A survey of Lithuanian companies has shown that high-tech, agricultural and food processing, timber, textile and logistics companies have ties with China, according to the ministry.

"Most often, companies report that their existing partners in China are not renewing or concluding new contracts," it told BNS in a comment.

"Therefore, the ministry has taken steps to help companies find new export and import markets and to address other problems caused by China's unlawful and undeclared, and so far publicly denied actions against Lithuanian businesses."

It said it was working with partners, particularly in the US and the EU, to develop instruments to prevent autocratic regimes from using economic pressure for political purposes.

For Lithuania's Cause, a recently-established new political group in the parliament said on Thursday that Deputy Foreign Minister Egidijus Meilunas had told them that the ministry had received requests from eight Lithuanian companies to help them due to the deterioration in business relations with China.

Ricardas Sartatavicius, the CEO of the Lithuanian Confederation of Industrialists, says that grain processing companies are already experiencing problems with the supply of raw materials from China.

"In the grain sector, there is a problem with the supply of raw materials," Sartatavicius told BNS. "In 2020, [the sector's] sales to China amounted to around 70 million euros, and raw materials for the production of animal feed account for 90 percent of the raw materials purchased by Lithuanian companies from China. This could lead to problems."

The timbre sector is facing similar challenges, too, according to the CEO.

"The Chinese are refusing to buy our products and are taking our goods off the shelves. There are such problems", he said.

The dairy industry also sees threats, with its sales to China amounting to around 6.5 million euros last year.

Meat companies also fear disruption, because it took them several years just to obtain the certificates to export their products to the country.
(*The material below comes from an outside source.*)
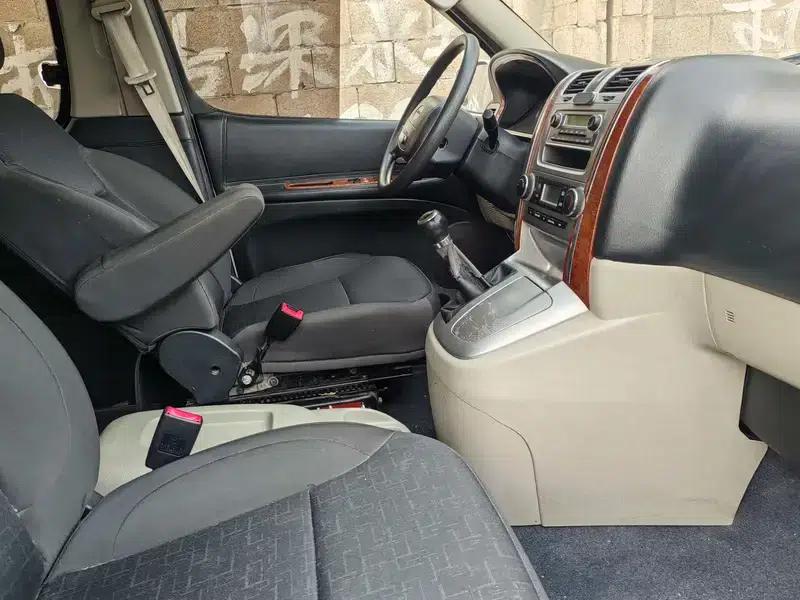 Jinbei Express 2020 2.0L Upgraded Standard 6-Seater 1TZS National VI Emission Standard — миниатюра 7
The sector's sales to China totalled 2 million euros last year.

However, Sartatavicius says that the biggest problems are now in the supply of raw materials.

"China is close to being the sole producer of some raw materials, ranging from metal products, equipment, of which Lithuania imports a lot, to microcomponents and chips," he said.

Relations between Vilnius and Beijing have turned sour recently over Lithuania's strengthening ties with Taiwan, which China regards as a rebellious province.

In August, China recalled its ambassador to Vilnius for consultations and demanded that Lithuania withdraw its envoy to Beijing.

Diana Mickeviciene, the Lithuanian ambassador, returned to Vilnius for consultations in early September.